# _ASSOCIATOR_

The _ASSOCIATOR_ provides a high-level overview of numerous time series by identifying clusters of similar time series patterns. In addition, it analyzes the most recent trend behaviour of each time series, resulting in a clear trend categorization.

In [None]:
from futureexpert import ExpertClient
import dotenv

dotenv.load_dotenv()
client = ExpertClient()

First, upload your data to the _future_ platform. You can do this using the `check_in_time_series` method. For further information how to upload your data, check the coresponding [check-in notebook](checkin_configuration_options.ipynb)

In [None]:
from futureexpert import DataDefinition, TsCreationConfig
import futureexpert.checkin as checkin
data_definition = DataDefinition(
    value_columns=[
        checkin.ValueColumn(name="Value")
    ],
    group_columns=[checkin.GroupColumn(name="Index")],
    date_column=checkin.DateColumn(name="Date", format="%Y-%m-%d")
)

ts_creation_config = TsCreationConfig(
    time_granularity="monthly",
    grouping_level=["Index"],
    value_columns_to_save=["Value"],
)

version_id = client.check_in_time_series(
    raw_data_source="../example_data/consumer_index.csv",
    data_definition=data_definition,
    config_ts_creation=ts_creation_config,
)

Once the data is uploaded, you can start the _ASSOCIATOR_. For a minimal configuraion, provide the `version_id` and a `report_note`.

In [None]:
from futureexpert import AssociatorConfig, DataSelection, ClusteringConfiguration
config = AssociatorConfig(data_selection=DataSelection(version=version_id),
                          clustering=ClusteringConfiguration(),
                          report_note="Consumer Indicies Exploration")
associator_id = client.start_associator(config=config)

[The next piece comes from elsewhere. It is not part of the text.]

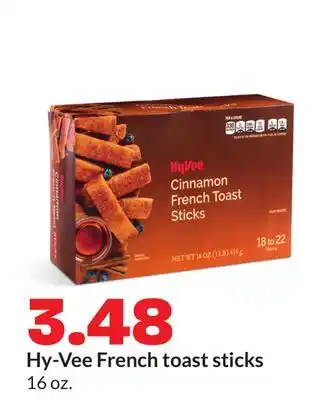 Hy-Vee Hy-Vee French toast sticks offer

Once the _ASSOCIATOR_ has finished, you can get the results using the function `get_associator_results`.

In [None]:
from futureexpert.associator import export_associator_results_to_pandas
results = client.get_associator_results(associator_id)
export_associator_results_to_pandas(results)

## Using _ASSOCIATOR_ Results in _MATCHER_

The clustering results can be used in a post-selection step to refine the initial matcher ranking. This process condenses the output by removing redundant covariates.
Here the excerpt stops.